Uma destas figuras é Nagai Kafu, um poeta hedonista da primeira metade do século xx de cujo diário a autora usa vários excertos como voz de uma silenciosa oposição ao crescente militarismo, limitação de liberdade individual e carência de géneros que afectou a maioria dos japoneses. Bem diferente de Kafu é o soldado U, que Hotta reduz ao anonimato de uma letra tornando-o uma espécie de representante colectivo. Alistado no exército japonês, enviado para a China e depois para a Ásia do Sueste, o soldado U está lá para ilustrar os horrores bélicos no terreno, o resultado prático das decisões – e indecisões – dos grandes homens dos gabinetes.

Muito antes de Pearl Harbor já os efeitos da guerra – uma guerra que decorria com a China desde 1937 (alguns historiadores fazem-na remontar a 1931, com a ocupação da Manchúria) – se faziam sentir sobre a população japonesa. Cartazes desencorajando luxo e promovendo hábitos austeros surgiam nas cidades onde outrora o esplendor consumista de anúncios e de department stores seduziam um novo público cosmopolita. A escassez de combustível fez com que os autocarros tivessem de circular movidos a carvão vegetal (p. 26). Em Abril de 1941, em seis grandes áreas metropolitanas «anteriormente repletas com todas as conveniências da vida moderna, as pessoas já só conseguiam obter arroz com senhas de racionamento», situação que se estenderia a 99 por cento do Japão em Dezembro desse ano (p. 4).

Embora a ênfase em grandes personalidades confira ao livro de Eri Hotta uma dimensão essencialmente de história político-diplomática, a autora não esquece um lado de história social que contrapõe o universo dos líderes ao da maioria da população, mantida à margem de muitas das discussões que afectariam a sua existência. «As pessoas pouco sabiam de como as suas vidas se tornariam muito baratas, mesmo sem valor algum, graças ao governo que elas tão sinceramente apoiaram com o dinheiro que arduamente ganharam e pouparam» (p. 148).

A meio do primeiro capítulo, Eri Hotta faz um interessante flashback para «tudo o que poderia ter sido» do Japão que a guerra mudou. É o retrato de um país ainda internacionalista, que em 1936 ganhara a corrida para organizar os Jogos Olímpicos de 1940 (que viriam a ser cancelados), cujo pavilhão vencera o grande prémio na Exposição de Paris em 1937 e cuja associação ao termo «Kamikaze» era, não ataques suicidas, mas uma aeronave pilotada por dois aviadores a bater um recorde de travessia entre Tóquio e Londres para comemorar a coroação do rei Jorge VI (p. 50). O epílogo refere o que se seguiu a Dezembro de 1941, reflectindo na persistência de algumas questões ainda debatidas sobre o papel do Japão na guerra.

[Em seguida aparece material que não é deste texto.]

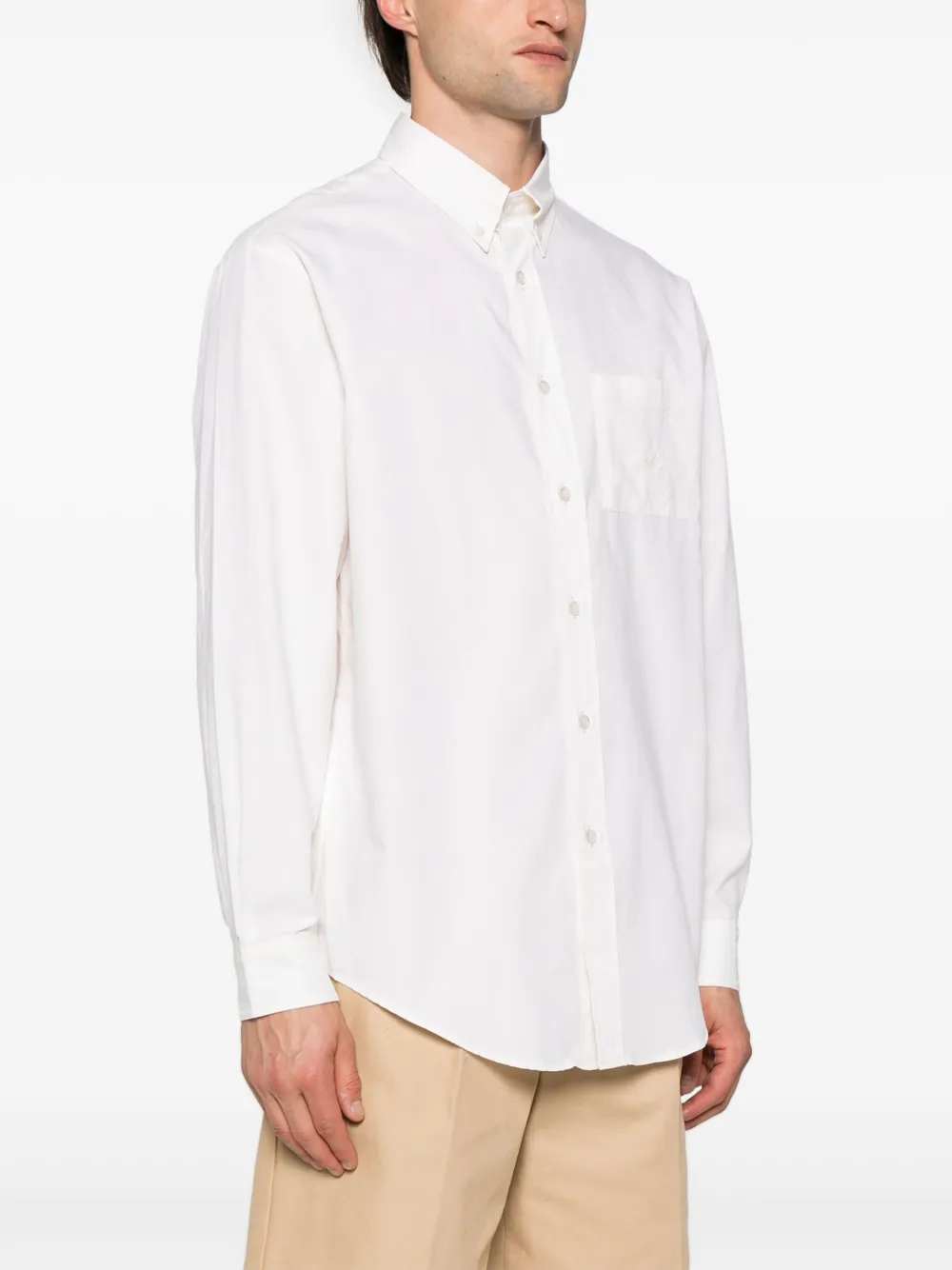 Drôle De Monsieur La Chemise Oxford katoenen overhemd Wit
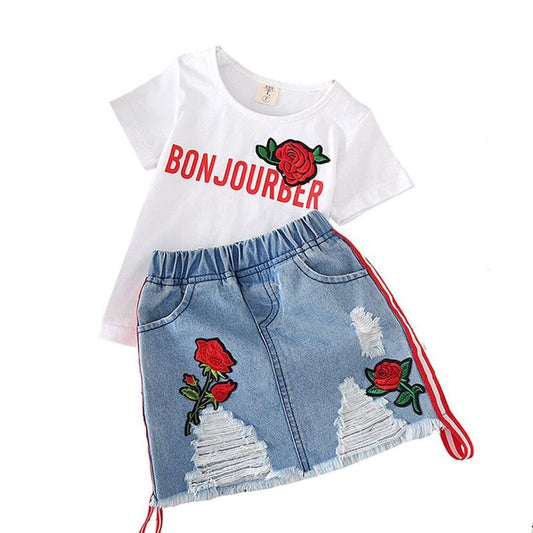 Girl's White T-shirt Denim Skirt 2pcs Suit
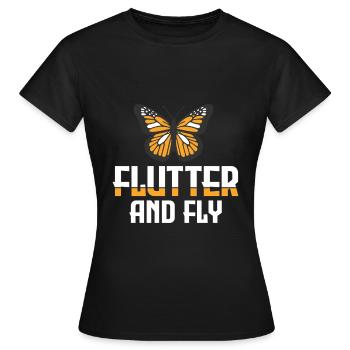 Flutter and Fly - Monarch Butterfly - Women's T-Shirt - black - Front - AI Model Female 172 dark (172cm)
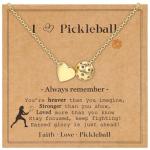AFSITNIG Pickleball Necklace Gifts for Women, 14K Gold-Plated Sports Accessories Pendant Necklace Christmas Birthday Jewelry Gift for Sports Lovers Player Inspirational Gifts 16+2 Inches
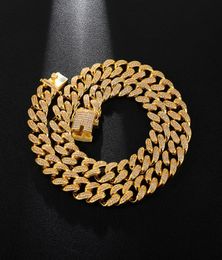 12 mm 1630 pouces de qualité supérieure Bling Zirconia Iced Out Miami Cuban Chain pour hommes Colliers de hip hop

Para Hotta, parece ser claro que a chave da destruição dessa imagem de um Japão alternativo está no facto de os líderes no topo da cadeia hierárquica não terem tido «vontade, desejo e coragem suficientes para travar o momentum para a guerra» (p. 286), estando reféns de estruturas de decisão colectivas que enfatizavam uma ilusão de que ninguém «detinha qualquer responsabilidade individual» (p. 286). A história da Segunda Guerra Mundial na Ásia tem atraído um interesse crescente na historiografia em língua inglesa dos últimos anos. Este trabalho de Eri Hotta insere-se nessa corrente e coloca o Japão no centro da análise procurando compreender, sem desculpabilizar, a sua posição à época. Num tempo de tensões como as que se vivem actualmente, na Ásia e não só, Japan 1941 é um alerta sóbrio sobre os perigos de decisões irreflectidas para saltos no desconhecido e da desistência de soluções pacíficas quando elas são possíveis e desejáveis.

 

NOTAS

* A pedido da autora o texto não adopta as normas do Novo Acordo Ortográfico.